IV Antibiotics Potentiator Platform for Treating MDR Gram-Negative Infections in the Hospital
There has been a significant decrease in the number of novel IV antibiotics in development and approved over the past 40 years for the treatment of Gram-negative infections. The physiology of Gram-negative bacteria – specifically the make-up of the outer-membrane of these bacteria – is one of the primary roadblocks hindering innovation.
While Gram-positive bacteria possess a single phospholipid cell membrane, Gram-negative bacteria have a phospholipid inner membrane (akin to the Gram-positive membrane), plus an outer membrane bilayer composed primarily of phospholipid at the inner surface and lipopolysaccharide (LPS) at the outer leaflet.
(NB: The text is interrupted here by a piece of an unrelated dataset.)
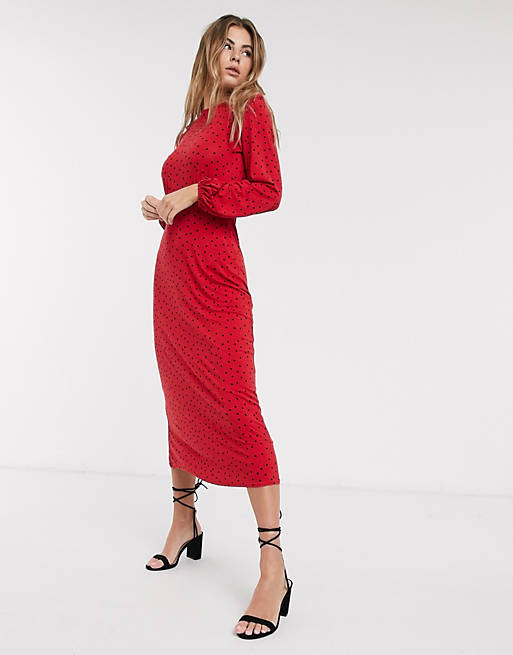 Vestido midi rojo con detalle de lunares de New Look | ASOS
It is this layer of highly polar, negatively charged LPS that excludes many excellent target-based inhibitors, including a trove of clinically useful Gram-positive antibiotics from entering Gram-negative bacteria to do their work.
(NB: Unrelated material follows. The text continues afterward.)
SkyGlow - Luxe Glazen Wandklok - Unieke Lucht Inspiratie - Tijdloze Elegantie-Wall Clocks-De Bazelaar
Unfortunately, a distinct incongruence between chemical properties required for Gram-negative penetration (both membranes), and that imposed by many of the known (and novel) bacterial targets, means that simple (or complex) medicinal chemistry tactics have not been able to provide a solution. Spero Therapeutics believes its IV Potentiator Platform approach (SPR206 & SPR741) to LPS disruption will be the solution.
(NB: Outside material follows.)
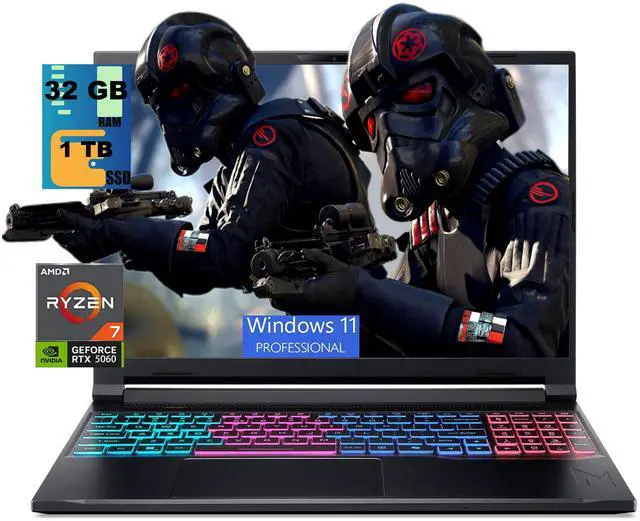 Main image of Acer Nitro V 16S Gaming Laptop, 16" WUXGA 180Hz Display, AMD Ryzen 7 260 8-core Processor, NVIDIA GeForce RTX 5060 8GB GDDR7, 32GB DDR5 1TB PCIe SSD, Wi-Fi 6, Windows 11 Pro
SPR206 is an IV direct-acting antibiotic within the potentiator platform that has shown antibiotic activity against MDR Gram-negative pathogens, including carbapenem-resistant Enterobacteriaceae, Acinetobacterbaumannii and Pseudomonas aeruginosa in preclinical studies. SPR206 completed non-clinical, IND-enabling studies supporting its advancement as a clinical candidate designed to treat MDR and extensively drug-resistant (XDR) bacterial strains. Based on microbiological and in vivo testing, Spero believes that SPR206 has the potential to offer a broad-spectrum of activity, including against extensively drug-resistant (XDR) bacterial strains, together with improved safety and tolerability compared with other molecules in its class. Spero initiated a Phase 1 clinical trial of SPR206 in December 2018, designed as a double-blind, placebo-controlled, ascending dose, multi-cohort study in healthy subjects.
SPR741 is an IV product that does not have any significant antimicrobial activity on its own. However, when combined with an antibiotic, SPR741 has demonstrated the ability to expand the spectrum and potency of the co-administered antibiotic against Gram-negative bacteria, including organisms identified by the CDC and WHO as urgent and serious threats. SPR741 has demonstrated the ability to expand the spectrum and enhance the potency of more than two dozen existing antibiotics and enabled expanded utility against resistant Gram-negative pathogens. SPR741 has completed Phase 1a and 1b trials highlighting its tolerability and pharmacokinetic profile.